Yeah. Again, sorry. I’ll take that one. So, axatilimab is bringing this strong fibrotic effect to bear on patients and hopefully helping to manage the impact of the disease on organs and therefore potentially shifting the courses of the disease is what we’re trying to change with that combination therapy. So, moving up earlier, could you really have a bigger impact on patients and their overall disease profile going forward? We anticipate getting some data out of this trial in the coming years and I think that would govern what the uptake would really look like, but this is something that physicians are telling us they’re really looking for. Right now, the only thing they have is steroids, and unfortunately, those do as much harm as they do good. And so, if you could get strong efficacy out of that combination, could you minimize the use of steroids and bring axatilimab up to an earlier population? I mean, we know the current estimated prevalent pool is about 14,000 patients and so you could access a big chunk of that population with good data.
Thank you, Jeet.
Our next question comes from George Farmer with Scotiabank. Your line is now open.
Hi there. This is Cleo on for George. Thank you for taking our questions. Two from us on revumenib. So, do you have any sense on whether the FDA is intending to hold an ODAC meeting to discuss the approval package in KMT2Ar AML or ALL? And secondly, could you speak to the prospects for other indications for revumenib?
Great, Cleo. Thank you for the question. So, in terms of an ODAC, we don’t expect that the FDA will hold an ODAC for revumenib. From time-to-time for new mechanisms, they do that more as a showcase than they do for any other reason. But we don’t expect and we haven’t received any word from the FDA to indicate that we would have an ODAC. So, I think that’s the answer to your first question. And then secondly, you had asked about prospects for additional indications. I presume that means outside of leukemia. And as I mentioned in my previous remarks, we are looking at revumenib in colorectal disease, third-line metastatic colorectal cancer. As a monotherapy agent, it’s obviously a very difficult disease state and we’re going to have some data in the second quarter of this year to first get at whether there’s sufficient activity there as a monotherapy agent and how the drug performs. There is this thesis that we’re pursuing, a beta-catenin upregulated tumor type, which is a broadly implicated phenomenon through a lot of different cancers. Colorectal cancer is one and so there could be other cancers that we look to see whether they’re susceptible to revumenib treatment. So, stay tuned. There may be more to come. I think the first step here is certainly the colorectal cancer trial that we’re running.

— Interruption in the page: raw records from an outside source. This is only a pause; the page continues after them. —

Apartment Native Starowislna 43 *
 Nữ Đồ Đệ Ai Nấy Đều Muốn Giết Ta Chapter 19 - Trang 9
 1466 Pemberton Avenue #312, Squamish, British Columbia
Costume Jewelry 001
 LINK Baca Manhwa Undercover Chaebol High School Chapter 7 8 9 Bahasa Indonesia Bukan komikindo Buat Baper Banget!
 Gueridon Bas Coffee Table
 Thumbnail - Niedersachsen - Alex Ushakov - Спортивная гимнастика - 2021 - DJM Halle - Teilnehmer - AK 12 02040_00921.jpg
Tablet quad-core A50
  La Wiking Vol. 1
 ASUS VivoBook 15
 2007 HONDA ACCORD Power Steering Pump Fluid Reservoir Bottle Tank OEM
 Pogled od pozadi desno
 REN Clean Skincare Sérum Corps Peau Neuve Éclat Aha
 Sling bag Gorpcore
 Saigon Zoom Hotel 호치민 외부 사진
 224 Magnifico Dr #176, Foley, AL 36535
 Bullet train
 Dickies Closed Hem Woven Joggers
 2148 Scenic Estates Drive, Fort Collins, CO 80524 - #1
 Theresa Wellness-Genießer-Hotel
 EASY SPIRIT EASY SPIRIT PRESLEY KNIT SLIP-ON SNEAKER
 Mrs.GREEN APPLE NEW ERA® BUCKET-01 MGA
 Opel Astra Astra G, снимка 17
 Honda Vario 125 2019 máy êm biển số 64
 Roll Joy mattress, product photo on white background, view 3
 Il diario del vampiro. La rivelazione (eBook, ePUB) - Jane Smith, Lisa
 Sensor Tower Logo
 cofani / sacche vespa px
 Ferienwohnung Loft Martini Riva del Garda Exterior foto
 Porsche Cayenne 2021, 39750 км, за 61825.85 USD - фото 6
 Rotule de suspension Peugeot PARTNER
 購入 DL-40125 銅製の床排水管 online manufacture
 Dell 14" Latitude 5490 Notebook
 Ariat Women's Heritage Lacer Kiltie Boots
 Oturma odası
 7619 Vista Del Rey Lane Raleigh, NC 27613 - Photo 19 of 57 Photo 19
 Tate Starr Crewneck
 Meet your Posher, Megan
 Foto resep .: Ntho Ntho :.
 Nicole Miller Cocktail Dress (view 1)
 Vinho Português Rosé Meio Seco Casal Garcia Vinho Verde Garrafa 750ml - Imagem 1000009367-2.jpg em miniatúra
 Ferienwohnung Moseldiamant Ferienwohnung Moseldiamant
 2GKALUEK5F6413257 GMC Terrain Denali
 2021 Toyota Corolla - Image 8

This concludes our question-and-answer session. I will now turn the floor over to Mr. Michael Metzger for any additional comments or closing remarks.
Thank you all. We appreciate you tuning in tonight and we look forward to seeing you at our planned investor events, including the upcoming Cowen and Barclays Healthcare Conferences in March. And with that, I wish you all a very pleasant evening. Thank you.
This concludes today’s conference call. Thank you and you may now disconnect.